Our contribution to the diagnosis of TB cases in the Hospital represents a significant fraction in a district (Guayas) that historically has contributed with 48.25% of cases throughout the country  .
A much higher percentage of cases of HIV co-infection have been observed than those reported in studies conducted in 2008  , whose values reached 8.8%, whereas in our study HIV patients accounted for 16%. People infected with HIV are 20 times more likely to develop TB than uninfected people. In addition, 7/20 patients with MDR-TB (33%) had co-infection with HIV (Table 1). Although there are no data in Ecuador on the MDR-TB and HIV ratio, it is significant that the frequency doubles with respect to that detected in TB and HIV co-infection.
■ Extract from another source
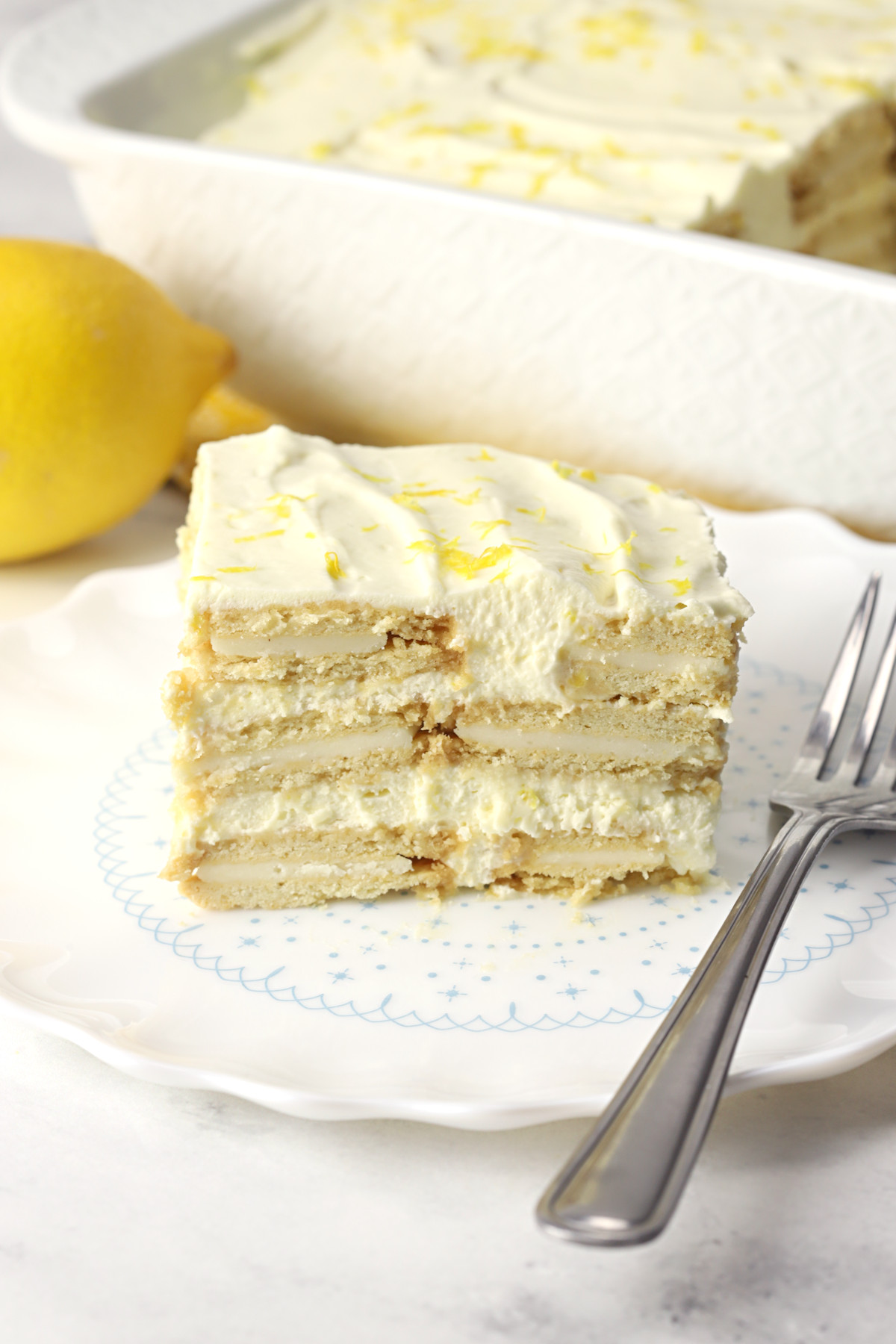 Raspberry Lemon Icebox Cake Recipe - The Best Cake Recipes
We conclude that although the prevalence rates of TB and MDR-TB shows a decrease, HIV co-infection has doubled since 2009 and this problem is increasing in cases of MDR-TB. We emphasize that TB and MDR-TB affect the male population in the economically active age and the responses of patients with MDR-TB allowed the identification of the main factors that may contribute to the emergence of resistance, the interruption in the supply of drugs, lack of resources (>90%) and lack of credibility in the effectiveness or need for treatment (>50).
We thank Dr. Neptali Vera Director of the Hospital Teodoro Maldonado Carbo Bacteriology Laboratory for his assistance during the study and Pedro Sánchez Blanco for the statistical analysis.
Conflict of Interest
All authors report no conflict of interest in this study.